ゲド戦記を読み終わりました。
しみじみと長い旅を終えた余韻を味わっています。
親友が「心のベストテン第1位だ」といった気持ちがよくわかります。

ゲド戦記は、6冊のシリーズです。シリーズ3作目までの前半は大魔法使いゲドが活躍する冒険譚です。
後半はガラリと趣向が変わります。物語の世界は、秩序が揺らぎ、確信を失いかけています。女たちが、世界の成り立ちに対して違和感を感じ、行動する姿が目立ってきます。ひどい子どもの虐待も描かれます。

解説を読むと、第3作である『さいはての島へ』から第4作が1990年に発表されるまでに、18年の間があったそうです。そして、さらにそこから11年が経って、『ドラゴンフライ』と『アースシーの風』が発表されました。

調べてみると、初めの三部作は、それぞれ1968年、1971年、1972年に出版されています。このときは、児童文学として書かれ、世界の光と闇、行動と結果、意志と責任についてを物語っていますが、1990年、2011年に出版された後半の三部作は、もちろん児童文学ではありますが、かつての読者の成長に合わせるかのように、キャラクターの成長、世代交代とアースシーの世界の変化を通して、深化、変化した「世界(※物語の外の読者がいる世界)の在り方の見直し」を問いかけているようです。
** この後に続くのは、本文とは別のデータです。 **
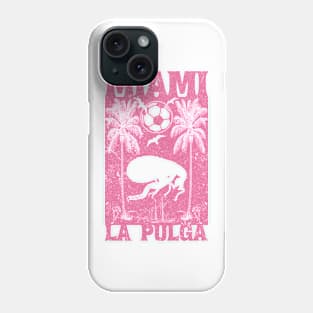 Miami  La Pulga Phone Case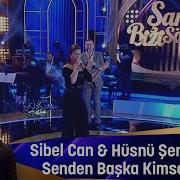 Sibel Can Hüsnü Şenlendirici Senden Başka Kimsem Yok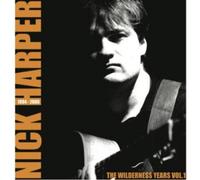 Harper, Nick - Wilderness Years Vol.1 [Import]
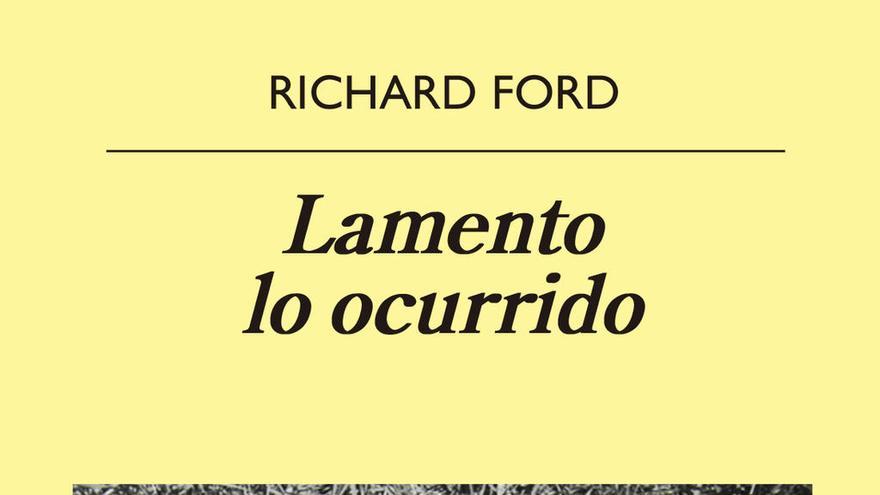 Lamento lo ocurrido - Richard Ford  - Traducción Damià Alou - Anagrama - 270 páginas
時代の変遷による現実世界の変化が、ファンタジーの世界へ投影されていて、アースシーの物語の中で悩み苦しみ、解決の旅に出る主人公たちは、読者である私たちの分身でもある。このような感覚は、ゲド戦記が長い時間をかけて書き継がれたが故の同時代性のなせるわざだと思います。

これは、子どもだけが読むのはもったいない。大人が、物語の寓意を読み解きながら、世界を見る眼の曇りを拭い取るためにいい本ですね。

出版時にリアルタイムで読めていたら、もっと良かったのに!と思わないでもありませんが、今だからうけとめられる器ができたのかもしれません。出会えてよかった。折をみて、このブログでも感想を書いていきたいなと思っています。

出会わせてくれた鶴見俊輔さん、岸政彦さんに感謝します。